▶ [Raw data]:
+++

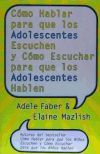 Como Hablar Para Que los Adolescentes Escuchen y Como Escuchar Para Que los Adolescentes Hablen Como Hablar Para Que los Adolescentes Escuchen y Como Escuchar Para Que los Adolescentes Hablen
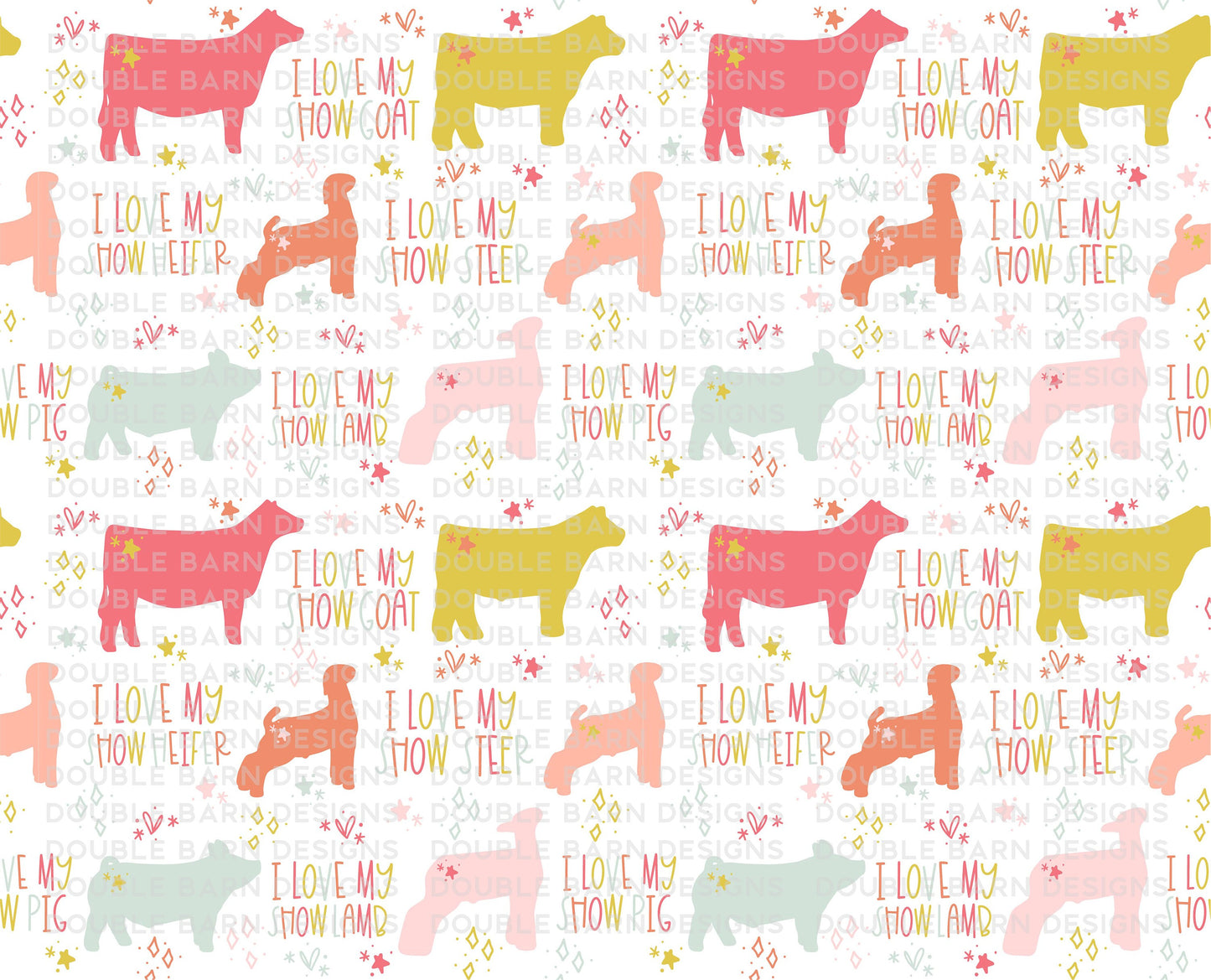 I Love My Show Livestock Seamless Pattern - Show Steer, Pig, Goat, Heifer, Lamb - PNG JPG Ai Files Included | Commercial Use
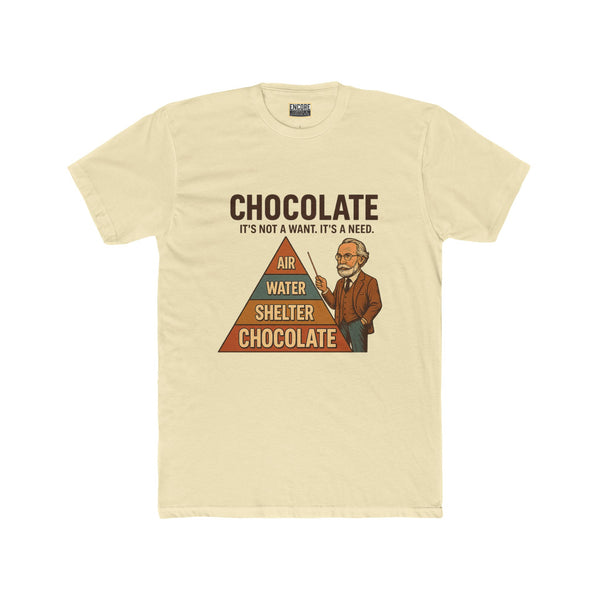 Funny Chocolate Needs Unisex Cotton Crew Tee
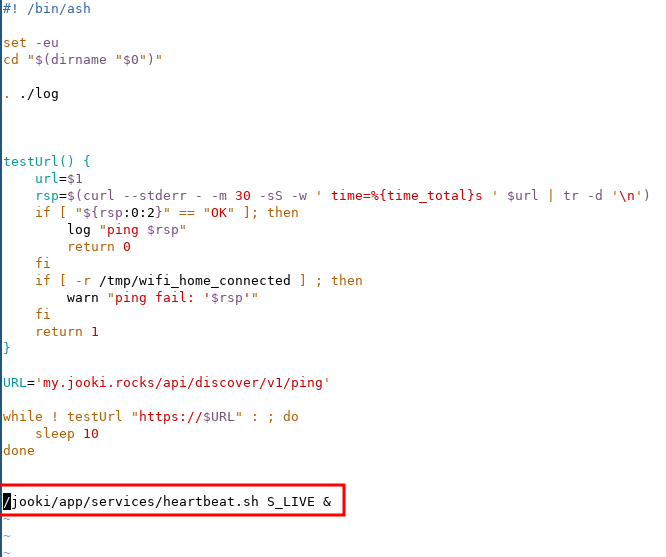 The image displays a shell script designed for monitoring and interaction with a specified URL. The script starts by navigating to the directory of the script and initiating logging. A function testUrl() is defined to test the availability of a provided URL using curl, with a timeout of 30 seconds and the response time recorded. If the response begins with “OK,” it logs a successful ping and returns 0; otherwise, it checks for the presence of a temporary file (/tmp/wifi_home_connected) and logs a ping failure before returning 1. The script sets URL to my.jooki.rocks/api/discover/v1/ping and enters a loop, continuously testing the URL every 10 seconds until it succeeds. At the end, it executes a service script located at jooki/app/services/heartbeat.sh with the argument S_LIVE in the background.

+++

▶ [Exercise requirements]: Reproduce only the lines from the first line of the listing above up to and including the line that holds "Funny Chocolate Needs Unisex Cotton Crew Tee". Omit the pictures.

▶ [Written answer]:
 Como Hablar Para Que los Adolescentes Escuchen y Como Escuchar Para Que los Adolescentes Hablen Como Hablar Para Que los Adolescentes Escuchen y Como Escuchar Para Que los Adolescentes Hablen
 I Love My Show Livestock Seamless Pattern - Show Steer, Pig, Goat, Heifer, Lamb - PNG JPG Ai Files Included | Commercial Use
 Funny Chocolate Needs Unisex Cotton Crew Tee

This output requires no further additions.